» **Information provided**
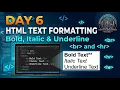 DAY 6 OF 100 DAYS OF CODING HTML TEXT FORMATTING bold Italic underline Explained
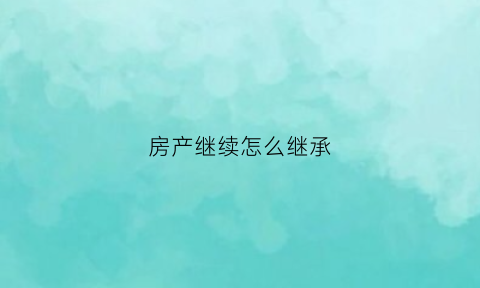 房产继续怎么继承(房产继承的步骤)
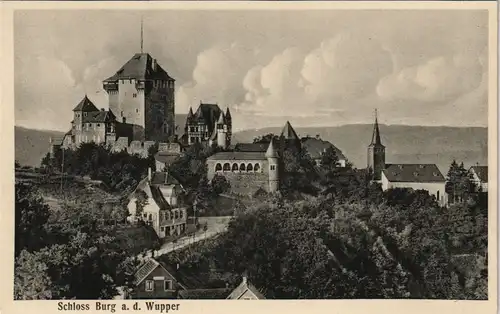 Burg an der Wupper-Solingen Schloss Burg  12 Jahrhundert der Grafen  Berg 1910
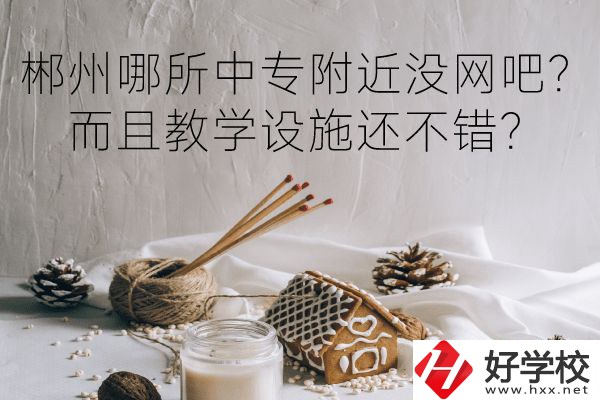 郴州哪所中專附近沒網(wǎng)吧？而且教學設施還不錯？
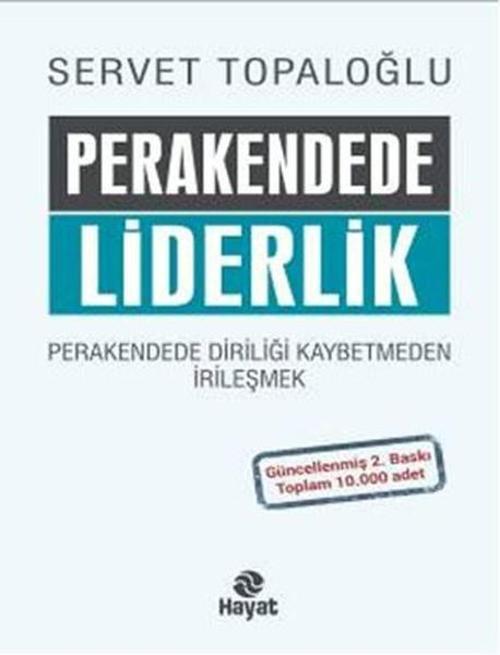 Perakendede Liderlik - Perakende de Diriliği Kaybetmeden İrileşmek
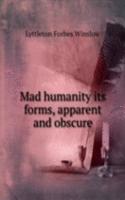 MAD HUMANITY ITS FORMS APPARENT AND OBS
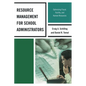 Resource Management for School Administrators: Optimizing Fiscal, Facility, and Human Resources - Paperback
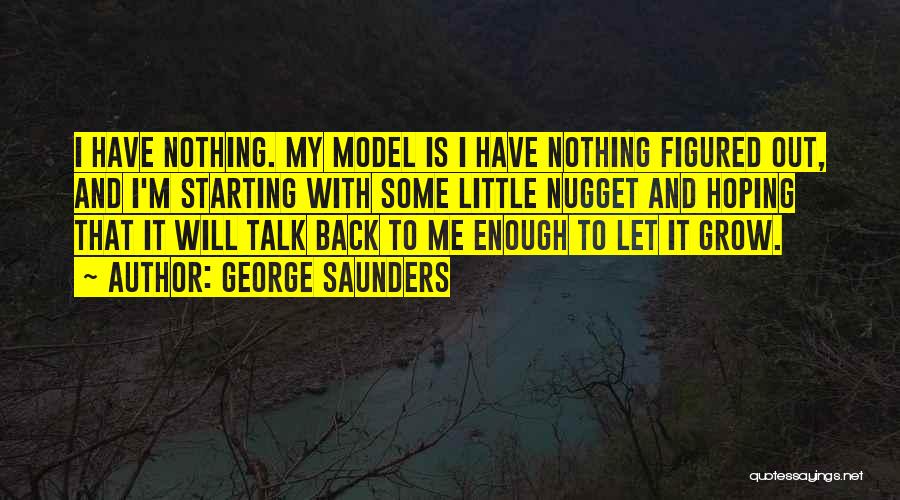 George Saunders Quotes: I Have Nothing. My Model Is I Have Nothing Figured Out, And I'm Starting With Some Little Nugget And Hoping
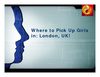 Where to Pick Up Girls: London, UK!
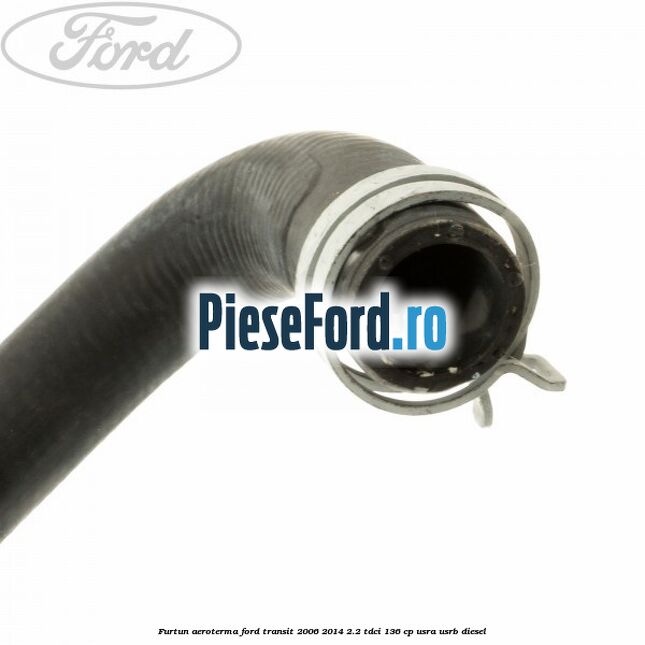 Furtun aeroterma Ford Transit 2006-2014 2.2 TDCi 136 cp USRA, USRB diesel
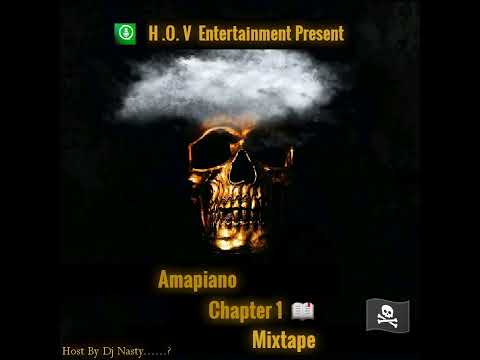 Dj Nasty _Amapiano Chapter 1 Mixtape 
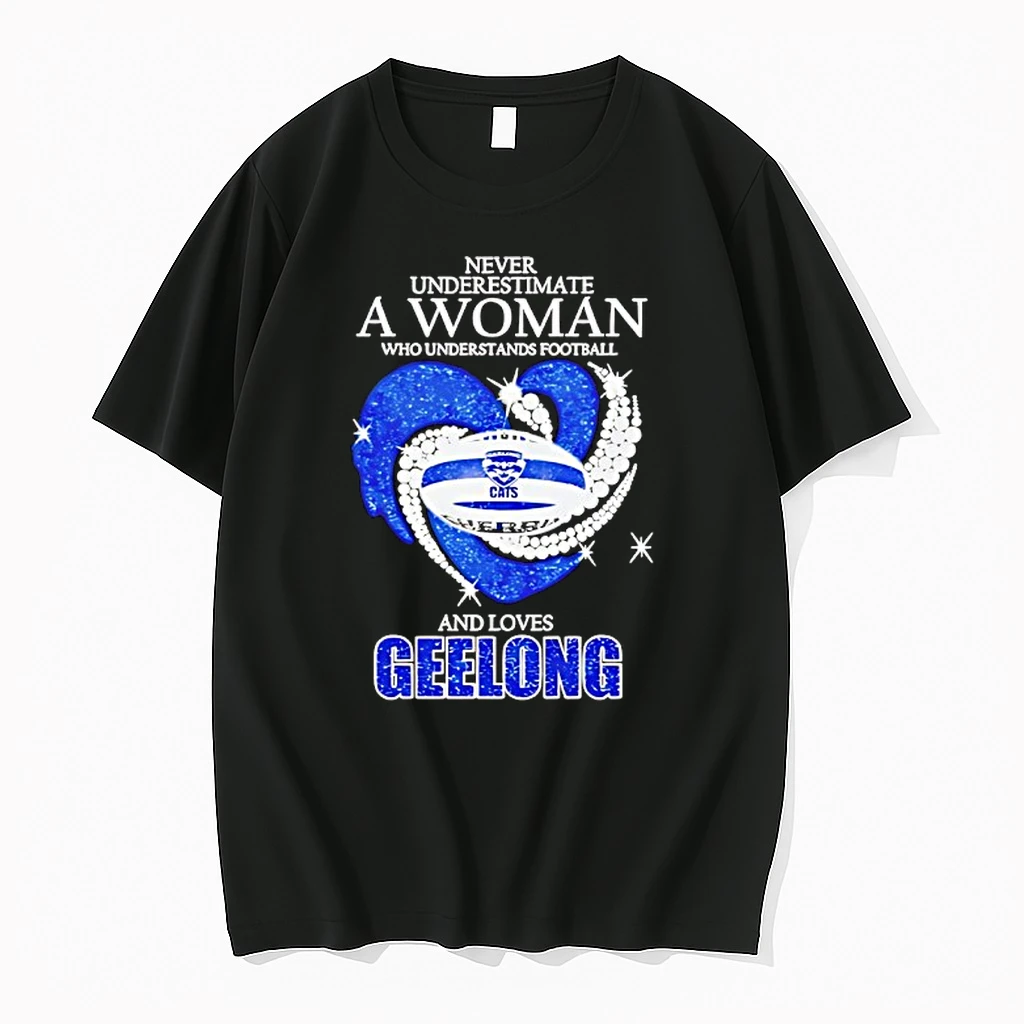 Never Underestimate A Woman Who Understands Football And Loves Geelong Cats Shirts
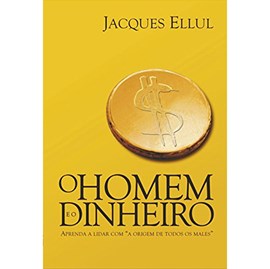O Homem e o dinheiro | Jacques Ellul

» **Try it**
Exactly the lines from the line containing "郴州哪所中專附近沒網(wǎng)吧？而且教學設施還不錯？" to the end of the records need to be copied, both ends included, with pictures left out.

» **Expected answer**
 郴州哪所中專附近沒網(wǎng)吧？而且教學設施還不錯？
 Perakendede Liderlik - Perakende de Diriliği Kaybetmeden İrileşmek
 MAD HUMANITY ITS FORMS APPARENT AND OBS
 Resource Management for School Administrators: Optimizing Fiscal, Facility, and Human Resources - Paperback
 George Saunders Quotes: I Have Nothing. My Model Is I Have Nothing Figured Out, And I'm Starting With Some Little Nugget And Hoping
 Where to Pick Up Girls: London, UK!
 Furtun aeroterma Ford Transit 2006-2014 2.2 TDCi 136 cp USRA, USRB diesel
 Dj Nasty _Amapiano Chapter 1 Mixtape 
 Never Underestimate A Woman Who Understands Football And Loves Geelong Cats Shirts
O Homem e o dinheiro | Jacques Ellul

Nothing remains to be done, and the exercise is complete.